Below are some records; quote exactly the lines from the one that contains "Ring size: 3" through the one that contains "Weight: 2.44 grams", inclusive, and no others.

## Extracted data
+-------+

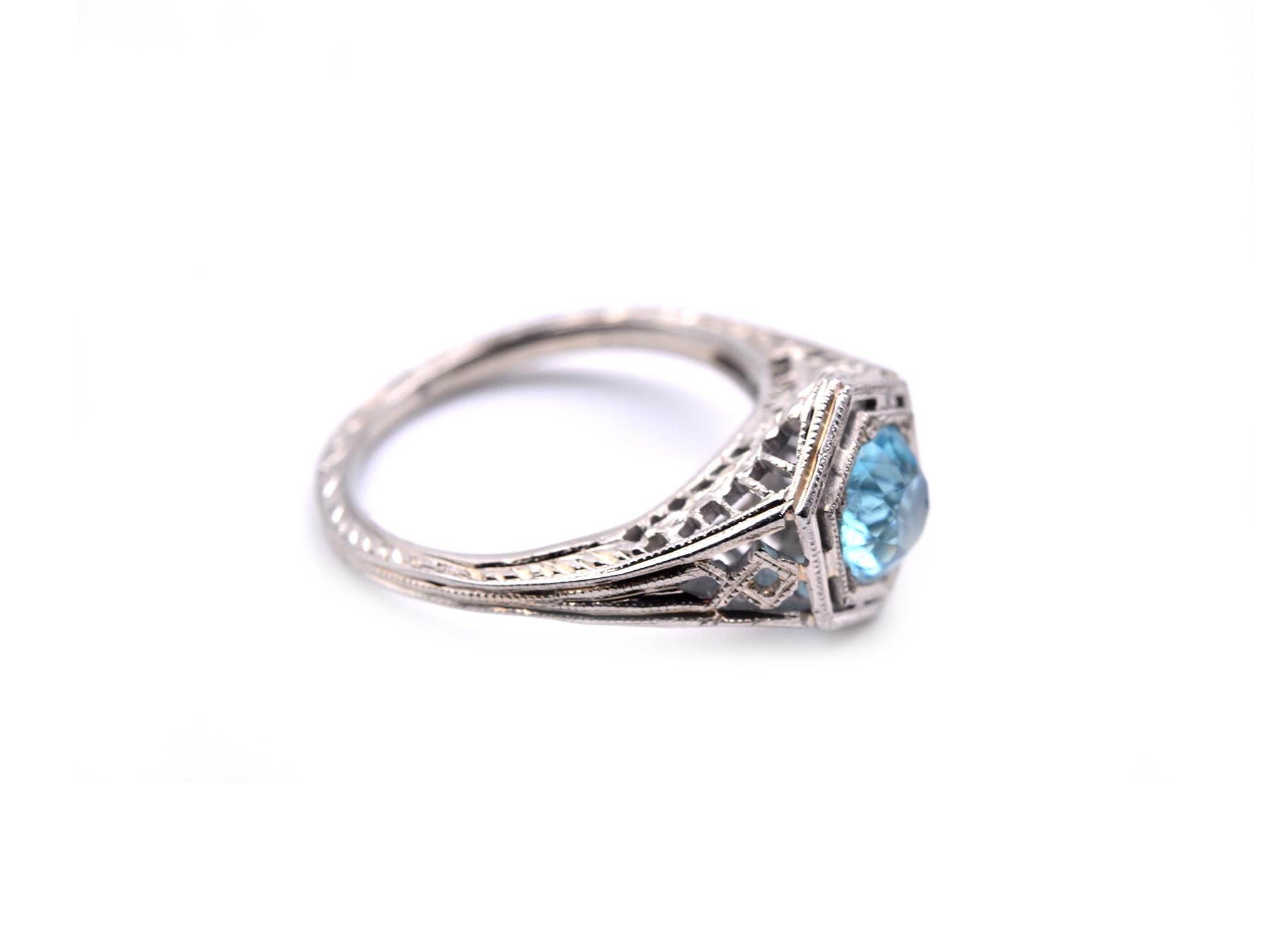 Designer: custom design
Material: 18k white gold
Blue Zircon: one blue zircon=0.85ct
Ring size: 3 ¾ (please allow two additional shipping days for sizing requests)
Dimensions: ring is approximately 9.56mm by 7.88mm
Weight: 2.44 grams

+-------+

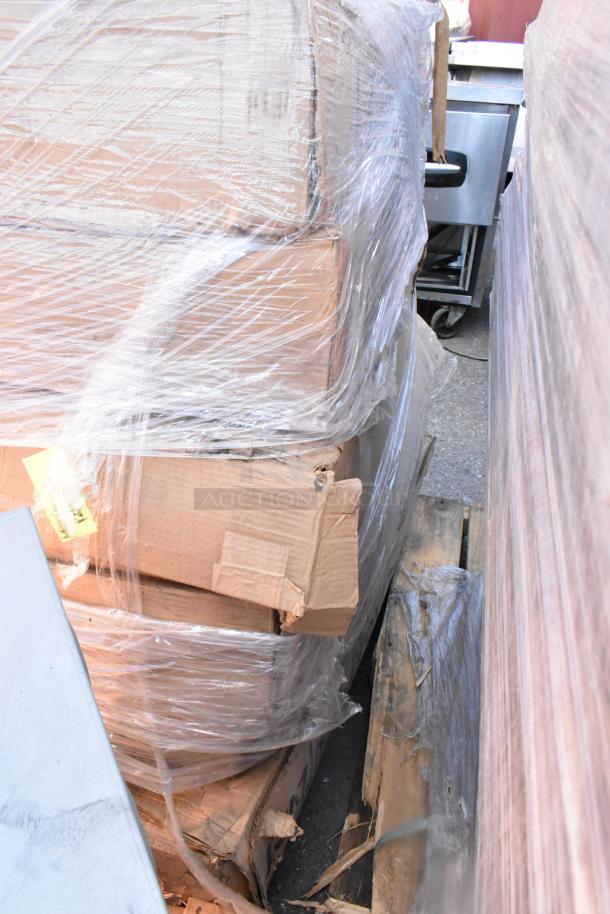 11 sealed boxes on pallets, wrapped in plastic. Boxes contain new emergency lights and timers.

+-------+

## Solution to this problem
Ring size: 3 ¾ (please allow two additional shipping days for sizing requests)
Dimensions: ring is approximately 9.56mm by 7.88mm
Weight: 2.44 grams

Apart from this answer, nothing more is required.